The new field was a project three years in the making after PFFNHS received a grant of $150,000 from the Jays Care Foundation through their Field of Dreams program in 2016.
The field was completed last year but, due to unforeseen weather and flooding on the field, the school was unable to host a scheduled tournament to reveal the completed field.
During the unveiling, the Jays Care Foundation, the charitable arm of the Toronto Blue Jays Baseball Club, presented PFFNHS with a custom ‘Pelican Falls’ Toronto Blue Jays jersey and every student in attendance received a Toronto Blue Jays hat.
Everyone agreed that seeing the new field come to fruition was an exciting and unforgettable moment.
“This is the most exciting part of any project. The heavy lifting is done and it’s come from being a far-off dream to being a reality. This isn’t just any project, this is one of the first major projects I ever took on and it’s just incredible to see it come to fruition. We couldn’t have done it without all the help from Jays Care along the way… This is a top quality ball field. We have some high-class clay here, a great outfield, and it gives the kids a lot of hope when they come from a challenging environment sometimes. It gives them a lot of hope to see organizations like the Toronto Blue Jays step up and help us out with a program that really promotes a healthy, active lifestyle and positive choices,” said A.J. Haapa, Special Projects Coordinator with Northern Nishnawbe Education Council (NNEC) who wrote the original application to the Jays Care Foundation.
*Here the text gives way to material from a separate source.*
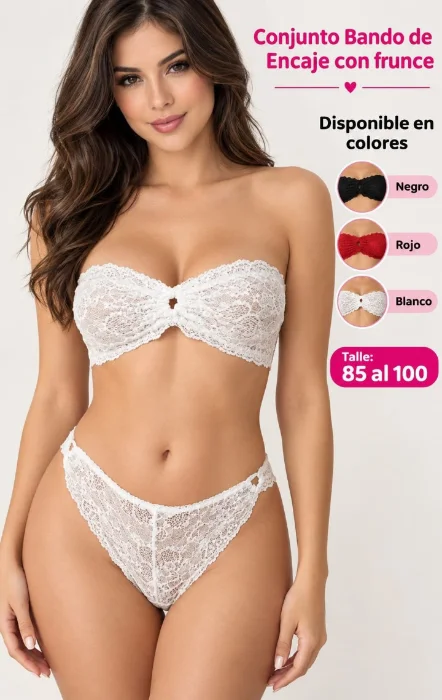 Conjunto Encaje Bando Vedetinas con Frunce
“For me, it’s awesome to see it finally happen. It’s been three or four years in the making, and it’s been amazing watching the Jays Care Foundation work with us and the professionalism of the organization… Part of the agreement was to have a tournament after it was done, and it’s been really tough trying to get a tournament in the making. I’m glad that the weather cooperated a bit. These students come here from the north, they live here for ten months, and they go home a couple of times a year… Having stuff on site for the kids to keep them busy and having organizations like the Jays Care Foundation showing the north, and showing our students, that they care enough to come out and make things possible for First Nations youth, I think it gives our youth hope and gives our youth that sense of pride that there are people that want to see them succeed. I’m happy with how everything has turned out,” said Norma Kejick, Executive Director at NNEC.
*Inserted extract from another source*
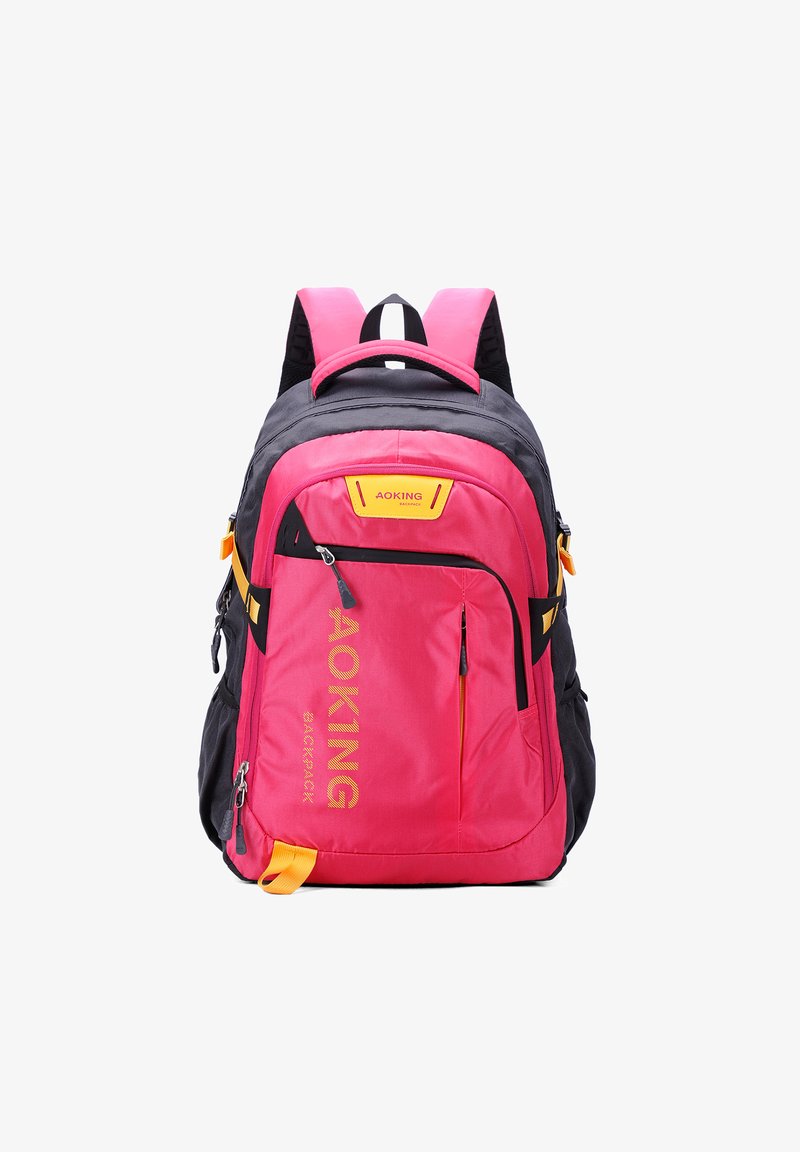 Rucksack in Pink und Schwarz mit mehreren Fächern, gelben Akzenten, gepolsterten Trägern und einem Logo. Hergestellt aus strapazierfähigem Stoff mit glatter Textur.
“It’s a thrill for me to see this. We visited a few years ago when we announced the project, and there was a ton of work done by the staff here, volunteers, and a lot of people contributed to the project and gave their time at no charge to help make this happen. To come here now and see three teams compete today on the field is exciting and I hope we get to come back and visit again,” said Robert Witchel, Executive Director of the Jays Care Foundation.
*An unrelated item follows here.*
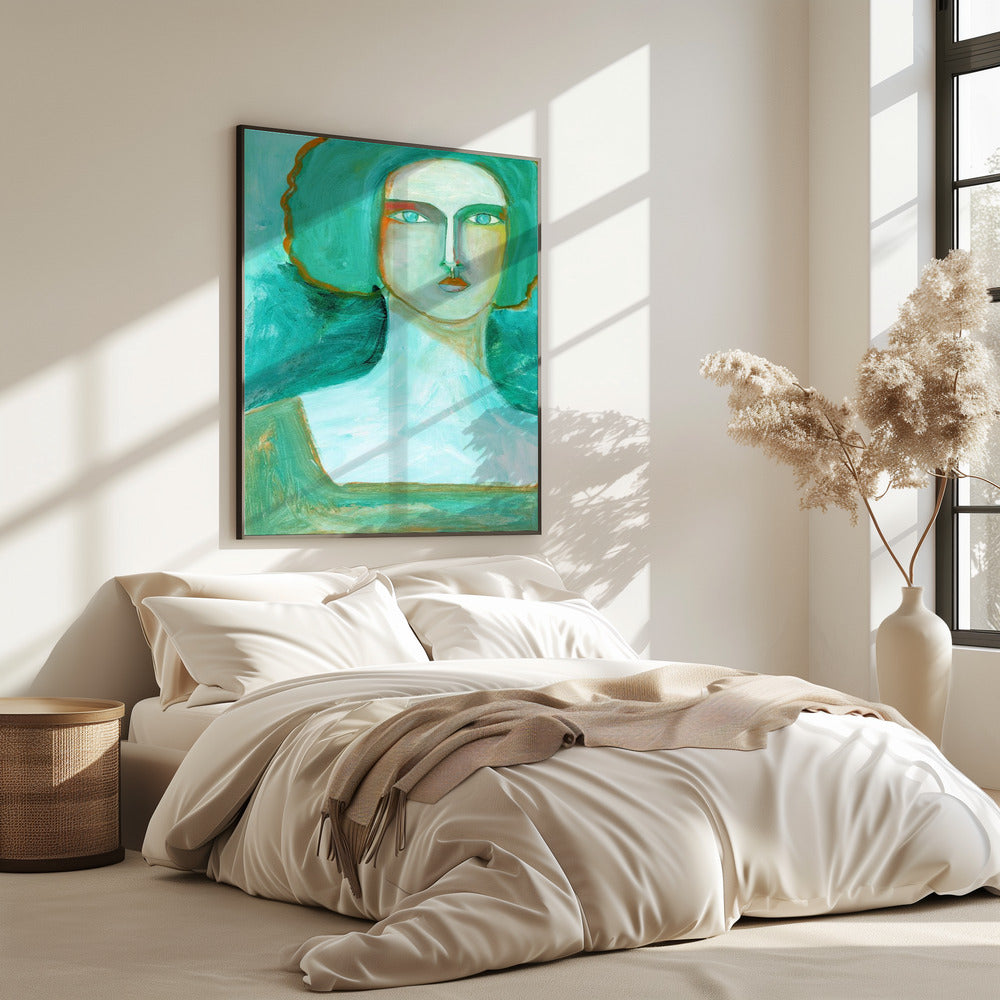 Grünes Mädchen träumt vom Meer | Poster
“This was a grant that the community applied through our Field of Dreams program. Every year we grant in-and-around 1.3 million dollars to projects across the country, and I think this was one of twelve that was approved a few years ago. We get dozens and dozens of applications, so they did a really good job to make this happen,” he said.
“One of the nicest things I’ve seen since we’ve had this field up and going is, on a nice and sunny day, we have so many classes out here playing, participating, laughing, and having fun. That’s what sport and baseball is supposed to do,” said Shawn Hordy, PFFNHS guidance counsellor.
PFFNHS’s connection with the Jays Care Foundation doesn’t end here. Witchel explained groups and schools are encouraged to keep in touch down the road and keep the Jays Care Foundation updated on any touch ups or repairs the field might need.
“We have a program for groups that have received grants through the Field of Dreams program. They can come back to us a few years later. If there are some touch ups that are needed we’ll grant up to 5000 dollars to do that. I was speaking with the principal here, and some other representatives, and told them, if they need anything else, stay in touch and let us know and we’ll be happy to help,” said Witchel.
“They were also talking about potentially getting some funding from the federal government to put up some lights. The season can be a little short in Canada. To be able to play under the lights is a lot of fun and extends the season, so hopefully they get some support from the federal government and maybe we can kick in as well,” he added.
Witchel said he’s excited that students from across the north will enjoy the field for years to come. He shared the field is part of ongoing efforts from the Toronto Blue Jays to recognize, honor, and celebrate First Nations across Canada.
“This high school is incredibly important. It services 24 First Nations in the region, so to have kids come together and have the opportunity to play and learn life skills that they can take in to other aspects of their lives is fantastic. Hopefully it grows the love of the sport and love of sport in general. At the Rogers Centre we’ve celebrated National Indigenous Peoples Day for a number of years now. We had a young woman sing the national anthem in Cree this year, so I think we’re trying to recognize the great cultures that exist and do our little part in trying to celebrate some great success stories in First Nations,” he said.